Вольф Шмид - Проза как поэзия. Пушкин, Достоевский, Чехов, авангард
Новелла «Пиковая дама» не только демонстрирует «пагубные последствия», когда возможному чудесному навязываются безусловность и безоговорочность научно–технического мышления, она также показывает, насколько могут стать опасными жанры и дискурсы, если не учитывать их модальности и законов их действия. Германн делает из анекдота сказку, превращает ее в реальность, но пренебрегает логикой и распределением ролей в этом жанре.[253] Ему надо было бы учесть, что в сказке наказывается жадность и что даже положительным героям приходится преодолевать злую волю отрицательных актантов.

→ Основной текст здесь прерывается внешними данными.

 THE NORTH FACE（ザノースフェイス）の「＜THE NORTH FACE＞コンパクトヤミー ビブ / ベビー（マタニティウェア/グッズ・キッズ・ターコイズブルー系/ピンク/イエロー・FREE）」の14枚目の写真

Если он называет живую, но молчащую графиню «старой ведьмой» (242), как же может он рассчитывать на то, что тайна, доверенная ему ее призраком, сделает его счастливым?
На другое, весьма прямое предостережение Германн также не обращает внимания. Живая графиня, принужденная им выдать свою тайну, говорит ему единственные и последние свои слова: «Это была шутка, клянусь вам! это была шутка!» (241). После слов «случай», «сказка», «порошковые карты» — это четвертое и несомненно самое убедительное объяснение анекдота Томского. Не должна ли была тайна трех карт в большом свете скрыть другую тайну, а именно любовную связь графини с Сен–Жерменом? Такая связь по крайней мере подсказывается симметрией действий. Муж, против своего обыкновения взбунтовавшись, начисто отказал раздевающейся в это время графине заплатить ее проигрыш. Графиня дала ему пощечину и легла спать одна. Разве не могла щедрость Сен–Жермена, к помощи которого графиня прибегает, вызвать противоположную реакцию «московской Венеры»?
То, что тайна трех карт не что иное, как шутка, кажется несовместимым с тем фактом, что графиня называет их Чаплицкому. Но имеются два фактора, смягчающих или даже снимающих очевидное противоречие. Во–первых, и в этом случае тайна трех карт могла заместить тайну другого рода. Что побудило графиню, «которая была всегда строгая к шалостям молодых людей» (229), «как‑то сжалиться» над Чаплицким, проигравшим около трехсот тысяч? Какими, если не эротическими мотивами, можно объяснить это «как‑то»?[254] Во–вторых, жанр и его нарративный контекст бросают тень на правдоподобность эпизода с Чаплицким. Между тем как Томский рассказывает о выигрыше бабушки, не ссылаясь на источники и свидетелей, история о выигрыше Чаплицкого принадлежит дяде Томского, графу Ивану Ильичу. Читателю ничего о дяде не сообщается, кроме того, что тот считает нужным «уверить» слушателей «честью» (229) в истинности случившегося. Кроме того, история о выигрыше Чаплицкого вплоть до отдельных деталей слишком уж похожа на историю о выигрыше графини, чтобы было исключено дублирование первого эпизода вторым или подражание того и другого эпизода общему образцу историй о сказочном счастье игроков.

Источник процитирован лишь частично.